Here are four questions to ask yourself before buying a home:
What is my total budget?
Although you may think you understand the price range that matches your income and assets, it’s common for there to be other costs that you haven’t considered that will be important when making a final offer. Think about any renovations, repairs or cosmetic changes you’re going to have to make. These all need to be factored into the cost. In addition, get an estimate of your monthly mortgage payments to see they’ll factor into your monthly budget.
Is my financial house in order?
Even if you have the right price in mind, you still need to be able to prove to your lender that you can close. Before placing an offer, it’s important to get preapproved for a mortgage. This will help you understand how much you can afford, and also lets the seller know that you’re able to purchase their property and close the sale quickly. Check your credit score in order to make sure you’ll get preapproved by a lender. Even with the right credit, a bad credit history can disqualify you from getting the best rate.
What kind of loan should I get?
Should you choose a 15 year or 30 year loan? Don’t know whether a fixed or variable rate mortgage is right for you? There are no one-size-fits-all mortgages, and the myriad terms can be overwhelming. That’s why it’s important to find a knowledgeable loan officer. This way, he or she can show you the different products available so you can get the loan that best suits your needs.
What are the actual costs due at closing?

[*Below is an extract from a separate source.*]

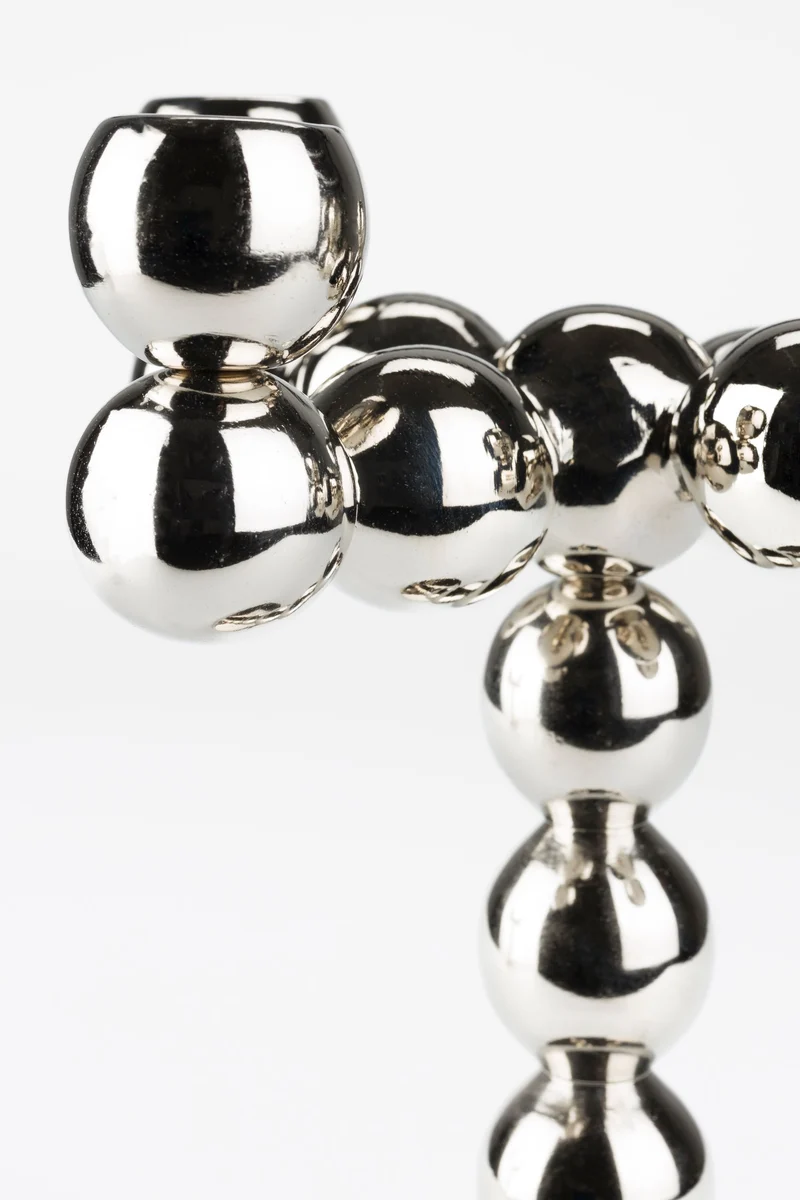 Kerzenständer Bubbles Zuiver für 4 Kerzen in glänzendem Silber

The closing costs for buying a home extend beyond the down payment- they can include attorney fees, real estate agent commissions, home inspection bills, title insurance, and more. You might also need to put down more capital beyond these one-time fees, depending on how you’re financing the purchase. If your down payment is less than 20% of the home’s price, for example, you’ll likely have to take out mortgage insurance, which requires additional cash to be put into an escrow account during closing.